The structure of The Night Watch is worth remarking upon as it begins at the end in 1947. The second section takes us back to 1944, and the third and final section is set in 1941. The decision to use this type of structure is brave, even foolhardy, because of the problems in pulling it off convincingly, but Waters’ subtlety and restraint in pulling back the layers reveals the extent of her authorial control.
This novel is essentially concerned with five main characters (Kay, Viv, Helen, Julia and Viv’s brother, Duncan) and their separate private lives. The connections between these people are also elemental to the narrative. Coincidence plays a significant role in the unfolding of past events as their lives are shown to overlap. This use of coincidence has been a feature of Waters’ previous novels, but this time she uses it casually, and as an extra element, rather than for the purposes of manipulating the plot out of hand as was deemed necessary in a melodrama such as Fingersmith.
The love stories of Kay, Viv and Helen are central and, as the narrative traces back to 1941, we learn how their present views of relationships have been shaped by these past events. As with her previous novels, Waters continues to use lesbian relationships as a main focus of the narrative, but shifts away to examine the affair between Viv and Reggie, and the horrific illegal abortion she undergoes to spare her father from further shame.
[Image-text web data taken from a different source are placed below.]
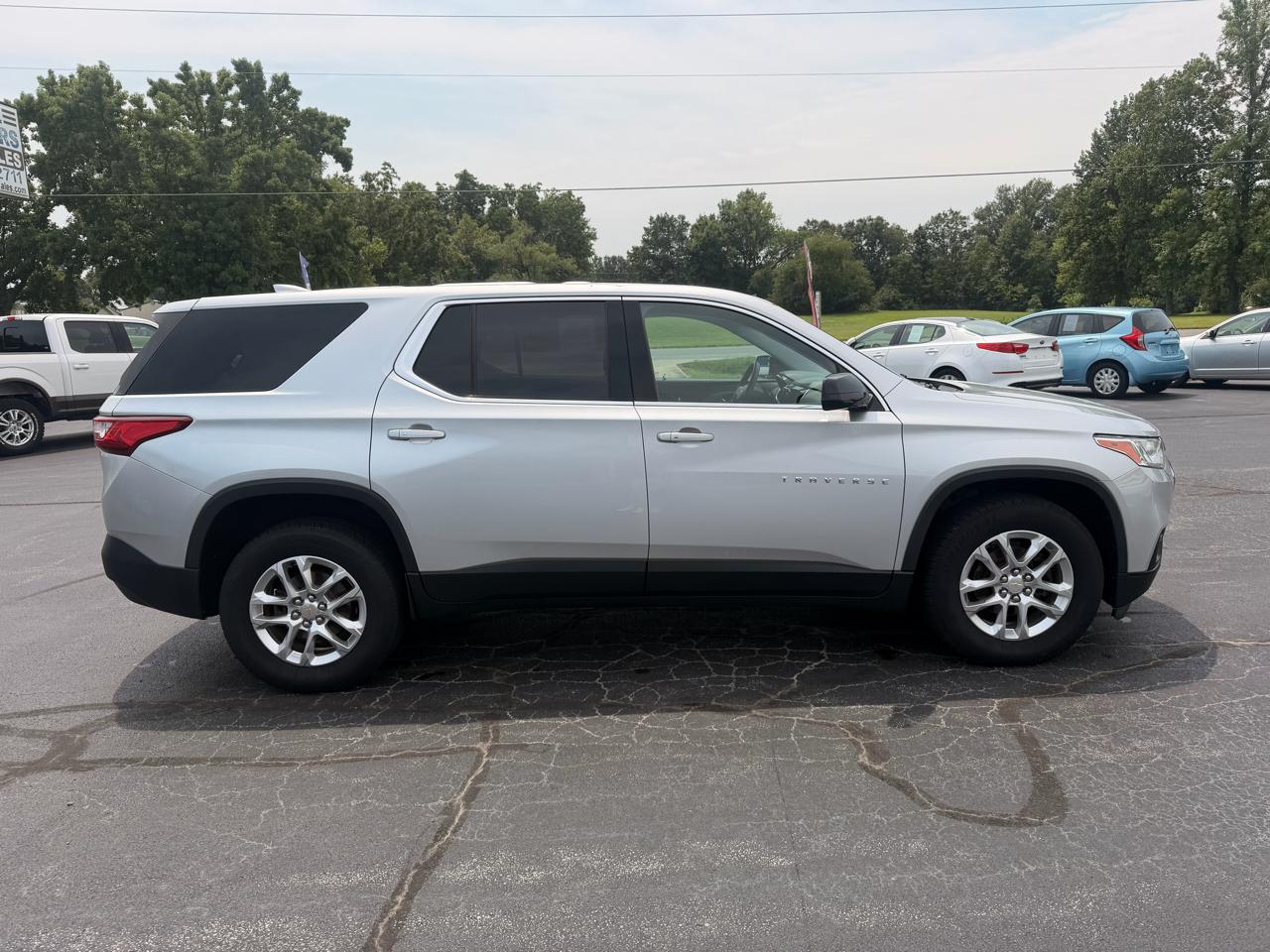chevrolet traverse 2018 1GNEVFKW6JJ136356 image chevrolet traverse 2018 1GNEVFKW6JJ136356 image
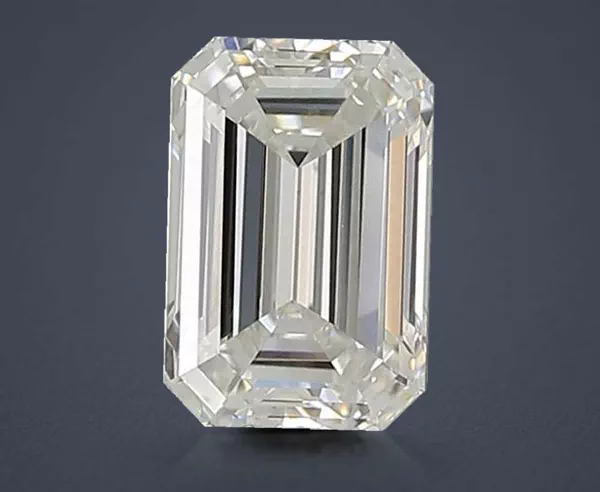 1.59 Carat · F · VVS2 Rare Carat Ideal Cut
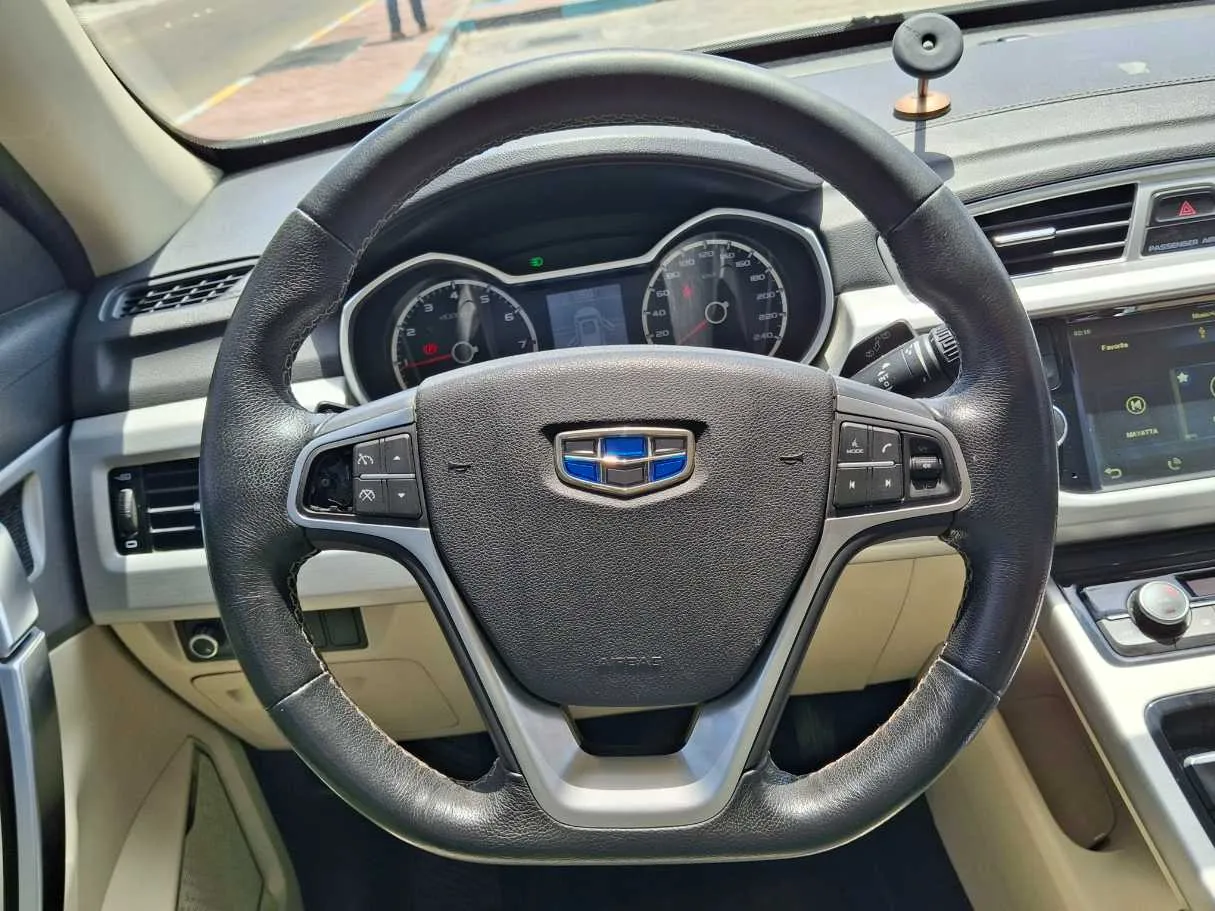 Car image 16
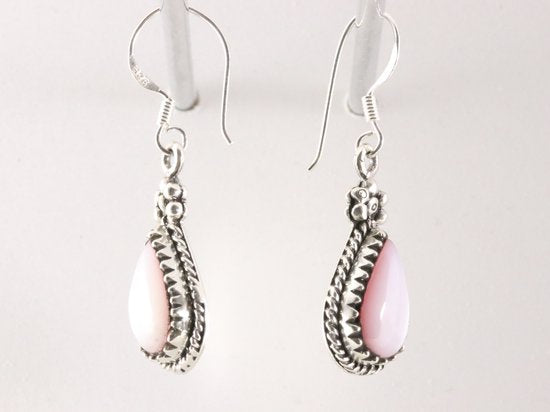 Bewerkte zilveren oorbellen met roze parelmoer afbeelding 2
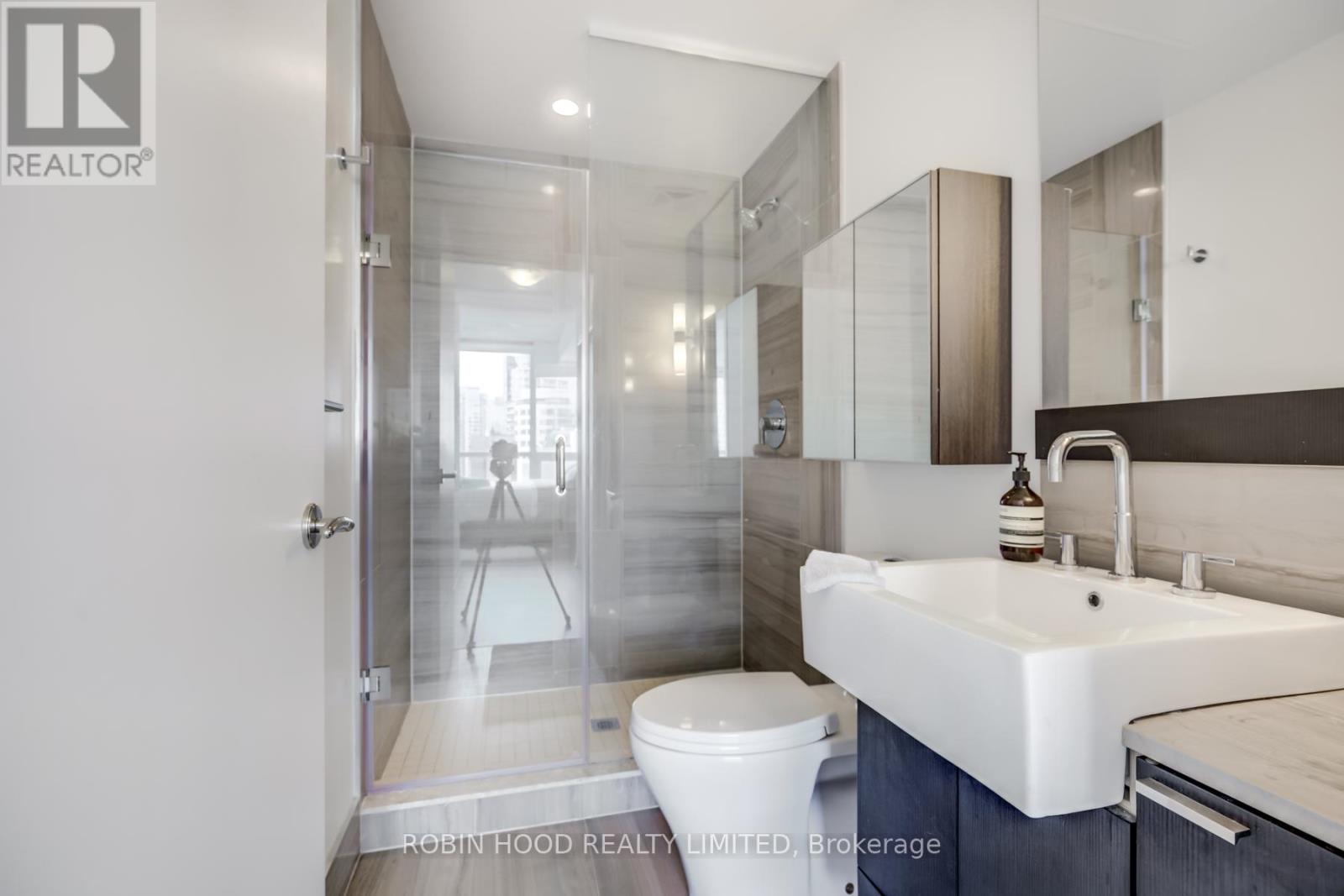 1708 - 88 Blue Jays Way, Toronto, Ontario  M5V 0L7 - Photo 14 - C12833558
Repression becomes a touchstone as many of the characters keep a secret or carry a weight of shame. The converse of this theme of fear of discovery is the examination of bravery. This is most notable in the second and third sections which are, necessarily, concerned with the bombing of London. A re-evaluation of the definition of courage is undertaken and is perhaps most poignant in the prison scene, where Duncan ’s cell mate, conscientious objector Fraser, asks himself if he is ‘simply a – a bloody coward’ when he is overwhelmed by the fear of death. The deconstruction of received morality, of what is to be brave or selfish in this time of heightened emotions, is also examined when Helen considers the effect the war has had on her ethics: ‘In the first blitz, she’d tried to help everyone; she’d given money to people, sometimes, from her own purse. But the war made you careless. You started off, she thought sadly, imagining you’d be a kind of heroine. You end up thinking only of yourself.’
The reason for Duncan ’s imprisonment is one of the well-kept secrets of the novel and is only (partially) explained in the third section. This use of the hidden truth and the hints at the unspoken strengthen the evocation of the period, where loose lips could potentially sink ships, and walls had ears. When revelations are made, they are, more often than not, as subdued as the repressed tone permits and this allows the novel to maintain the same pace throughout.
Despite this steady pace, Waters still enables the readers to see how the war also had a liberating effect on women such as Kay. Her gallantry and masculine demeanour was of use during the bombings whilst she worked as an ambulance driver, but in the beginning of the novel, in 1947, it is clear that with the return to peace time her short hair and male clothing are once more worthy of ridicule.
As with all of Waters’ novels, The Night Watch has been praised by critics for the attention to detail and meticulous research. This work stretches beyond the limits of the previous three, though, and is certainly her most impressive to date. Her control in depicting the central characters gradually is in itself an indicator of skilful writing. As this is also combined with a believable and interested evocation of period and place, this novel must be recommended highly.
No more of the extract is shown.